Press Releases

Chart Industries To Acquire SeQual Technologies

 

CLEVELAND, Dec. 2, 2010 (GLOBE NEWSWIRE) -- Chart Industries, Inc. (Nasdaq:GTLS) announced that its wholly-owned subsidiary, CAIRE Inc., which operates under its BioMedical segment, has entered into a definitive agreement to acquire SeQual Technologies Inc. ("SeQual") for approximately $40 million, plus the possibility of up to $20 million of additional future payments contingent on SeQual's financial performance over a two-year period post-closing. Other financial terms of the all-cash transaction were not disclosed.

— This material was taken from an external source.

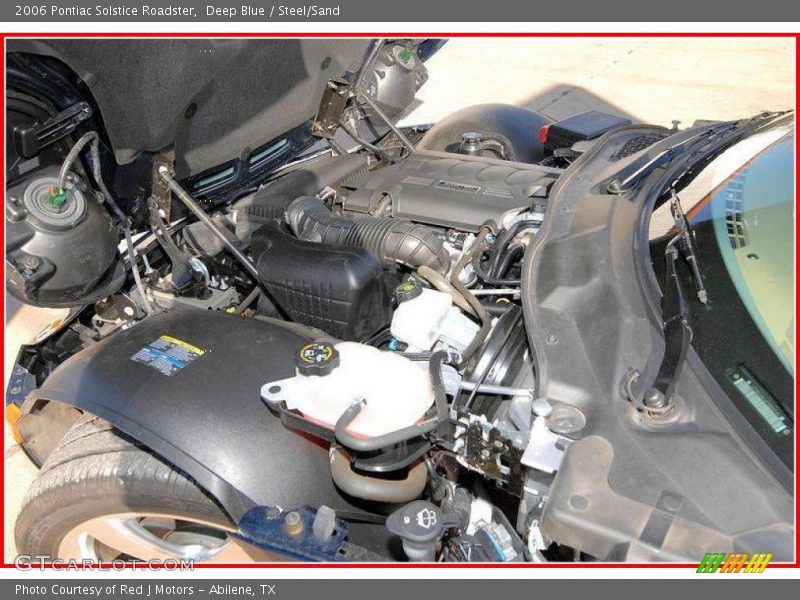 Deep Blue / Steel/Sand 2006 Pontiac Solstice Roadster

SeQual, a privately held company headquartered in San Diego, California, develops, manufactures and markets products for medical, military, industrial and commercial applications utilizing its proprietary pressure swing adsorption (PSA) technology for air separation. SeQual focuses on medical oxygen concentrators -- devices that separate oxygen from air to provide supplemental breathing oxygen to individuals with chronic lung disease.  SeQual's line of medical oxygen concentrators ranges from its award-winning, 3 LPM (liters-per-minute) continuous flow portable Eclipse 3 TM oxygen system to its IntegraTEN TM high-capacity (10 LPM) bedside unit. SeQual's annual sales are approximately $36 million.

"The acquisition of SeQual is an excellent strategic fit for us. It expands our respiratory product offering with a leading portable, non-delivery oxygen concentrator," said Sam Thomas, Chairman, CEO and President of Chart Industries.

"This transaction combines SeQual's technology and patient-focused product development capabilities with our global marketing, distribution and operating expertise," stated Steve Shaw, President of Chart BioMedical.  "We expect to integrate the majority of SeQual's operations during 2011." 

Ron Richard, SeQual's Chief Executive Officer, commented, "We are very excited about the merger with Chart as it allows us to take advantage of CAIRE's leading respiratory global presence and manufacturing capabilities and to expand our portable oxygen concentrator sales in new and existing markets."

Completion of the transaction, subject to customary closing conditions, is expected by the end of January 2011. This acquisition is expected to be accretive to Chart's 2011 earnings, excluding restructuring costs, and if future contingent payments are earned, the accretion to Chart's earnings would be expected to increase.